The outdoor section sports three pools: one for relaxing, one for
swimming and one for splashing around in the whirlpool, jacuzzi and
bubbling water jets.
Winter is the best time to visit Szechenyi. The baths stay open
come rain or snow, and there is nothing quite like lying back in the
water watching steam rise into the cold night sky, sometimes
obscuring the intricate fountains that spray water into the pool.

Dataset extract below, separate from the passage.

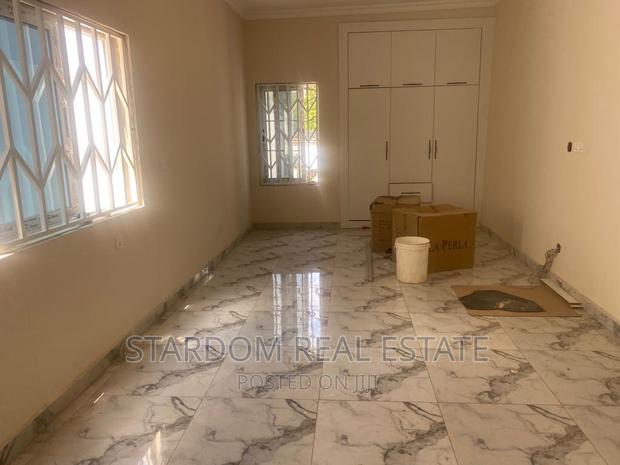 3bdrm Duplex in Coastal Estate, Spintex for rent · Photo 2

The indoor section is also a treat, with minty thermal waters
heated to different temperatures, steam rooms and saunas all at hand
to ease aching joints and muscles.
Next best are the Rudas baths, which have recently reopened with
a new, enlightened policy allowing entrance to women. The Rudas are
authentic Turkish baths, built in the 16th century when the Ottoman
Empire occupied much of the region.
Almost unchanged since that time, the central thermal bath is
dominated by an octagonal pool under a dome spanning 10m, which is
supported by eight columns and surrounded by a barrel-vaulted
corridor. The central pool, which is, thankfully, dimly lit, thus
making it harder to see the G-strings worn here, is surrounded by
corner pools of varying temperatures.
Inexperienced bathers will find it difficult to follow the
expected route from hot to cold pools, followed by a steam bath or
sauna and a dip into the plunge pool.
Fortunately, however, this alternation between scalding and
freezing pools is not mandatory and you can choose to lie back and
stare up at the little piece of history that is the dome. This bath
was a favourite of Budapest bathers before it closed for renovation,
and numbers are now slowly building up again.

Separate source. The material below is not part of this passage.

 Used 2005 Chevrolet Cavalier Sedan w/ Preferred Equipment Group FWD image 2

Many people go on a Friday, when it is open from 10pm to 4am the
next day, and it is the perfect way to unwind and ease into the
weekend.
During the renovation, many hidden treasures were unearthed. Some
of these finds, such as the water pipes from the Ottoman period, are
exhibited behind glass walls. The other well-known bath is the
Gellert. Although the Gellert does not offer quite as pleasant a
bathing experience as Szechenyi and Rudas, it makes up for it with a
wonderfully grand interior.
The bath is attached to the
Gellert hotel in an Art Nouveau building, and boasts Roman
statues and stained-glass windows.
The ticketing system is complex and many complain about the
unfriendly staff, but it's well worth a visit, if only to wallow in
the opulence.
Some bizarre treatments are available, and those who don't fancy
being pummelled half to death by a stony-faced masseur can endure
galvanisation and carbon-acid tubs, among other things.